Differentiatie bij hardopdenkend lezen - Formatief evalueren en stimuleren van het denkend lezen (11)
Geplaatst op 23 december 2022
Goed kunnen lezen is een samenspel van denken, decoderen en snelle woord(deel)herkenning. Goede lezers voeren als het ware een innerlijke dialoog wanneer ze lezen. Veel van onze leerlingen zijn echter geen denkende lezers. Het is onze taak om hen te helpen. Het hardopdenkend(voor)lezen vormt daarbij de belangrijkste techniek om lezend te leren voor leerlingen. Dit artikel is onderdeel van een artikelenserie waarin wordt besproken wat hardopdenkend lezen is en hoe dit in het onderwijs kan worden ingezet. Hier staat een overzicht van alle artikelen en bronnen.
In dit hoofdthema worden de volgende onderwerpen besproken:
- Minder goede lezers: over hun leesproblemen en de hulp met de Vrije response.
- Goede lezers: over zelfevaluatie en beheersingsaspecten van het denkend lezen.
- Differentiatie: het afpellen van instructie bij interactief hardopdenkend lezen.
- Hardopdenkend leren lezen en de 1-zorgroute: over het groepsplan, het lesmodel, de differentiatie, de organisatie, de evaluatie en individuele aandacht.
Minder goede lezers
Over leesproblemen bij minder goede lezers en de hulp met de Vrije response.
Geen denkactiviteit op hoger leesniveau
Onderzoek dat Jeffrey Wilhelm (5) aanhaalt toont aan, dat het vermogen om begrip te controleren bij het lezen, de goede lezers onderscheidt van de minder goede lezers. Goede lezers gebruiken individuele woorden en zinnen om een coherent betekenisvol geheel te vormen bij de tekst. Ze kunnen zichzelf corrigeren en kunnen hun begripsproblemen oplossen tijdens het lezen. Hun doel is om de bredere betekenis van de tekst te begrijpen. Dat is voor minder goede lezers lastig.
Minder goede lezers zijn vaak gefocust op 'lokaal tekstbegrip'; zij richten zich op het decoderen van woorden en zinnen. Ze zien niet hoe verschillende delen van een tekst aan elkaar gerelateerd zijn. Ze hebben vaak moeite om de betekenis van de ene zin mee te nemen naar de volgende zin. Soms lijken deze leerlingen niet te begrijpen dat lezen verder gaat dan het decoderen van woorden. Ze begrijpen niet dat zij door het lezen, het accepteren, het aanpassen of het afwijzen van informatie, deelnemen aan een soort van gesprek; het gaat niet alleen om het zomaar lezen van teksten, maar om het ervaren van gevoelens en het opdoen van kennis over de wereld.

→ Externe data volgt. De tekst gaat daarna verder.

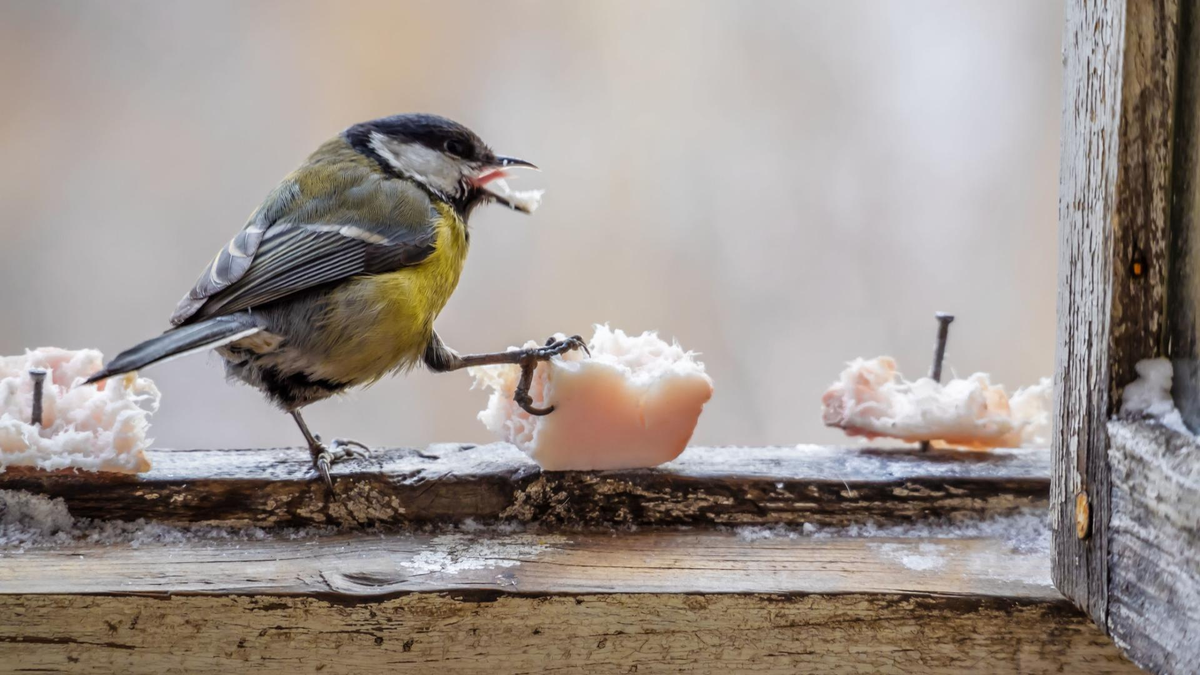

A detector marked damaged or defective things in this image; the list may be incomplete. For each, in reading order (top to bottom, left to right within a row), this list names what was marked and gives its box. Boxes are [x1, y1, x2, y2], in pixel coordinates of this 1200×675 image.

rusty nail [29, 370, 47, 428]
rusty nail [920, 312, 956, 454]
rusty nail [1072, 492, 1096, 540]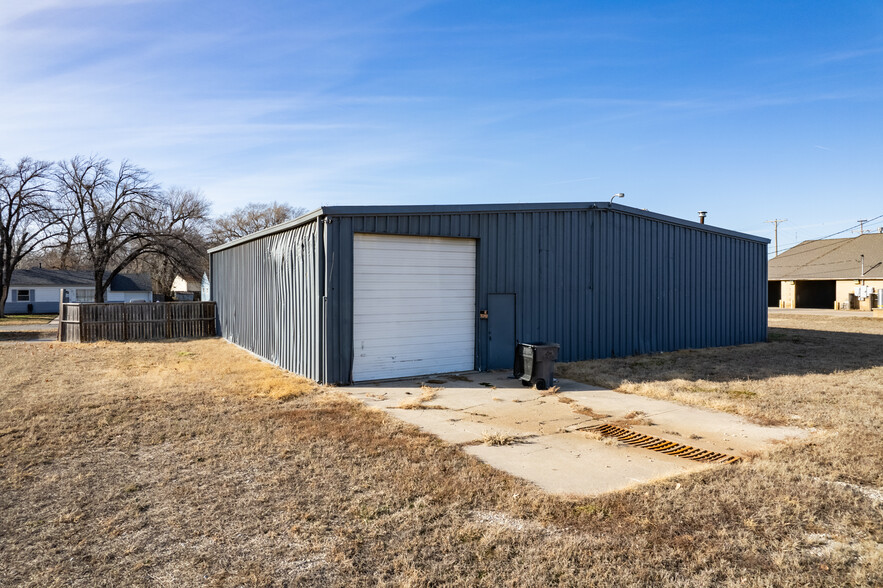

Daarom moeten kinderen lezen met een leesdoel: als je een recept kiest wil je een taart bakken en daarom ga je het recept lezen. Om het belangrijkste te onthouden uit een tekst wil je een samenvatting van de tekst maken; of je wilt bijvoorbeeld een conclusie trekken omdat je je mening wilt geven. Maar dat doe je niet altijd bij elke tekst. Het is afhankelijk van je leesdoel en de tekstsoort.
Marvin
Eén van de favoriete verhalen van Jeffrey Wilhelm over dit onderwerp gaat over Marvin uit Groep 7, een minder goede lezer die woorden alleen decodeerde. Hij was jaren bezig geweest met programma’s die hem hielpen om woorden te decoderen, maar die hem niet inspireerden om een gemotiveerde, goede lezer te worden. Samen met Marvin las Jeffrey hardopdenkend een tekst over honkbal.
Jeffrey stelde hem vragen waarbij hij verbanden moest leggen; zaken die impliciet bleven in de tekst. Hij werd boos en zei: ’Ik vertel u wat er in het verhaal staat. Het is niet eerlijk om dingen te vragen die er niet in staan!’ Marvin begreep niet dat hij geacht werd om zijn eigen kennis van honkbal toe te passen op het verhaal, zodat hij een vertelwereld kon creëren en het veld, de spelers en de acties kon verbeelden.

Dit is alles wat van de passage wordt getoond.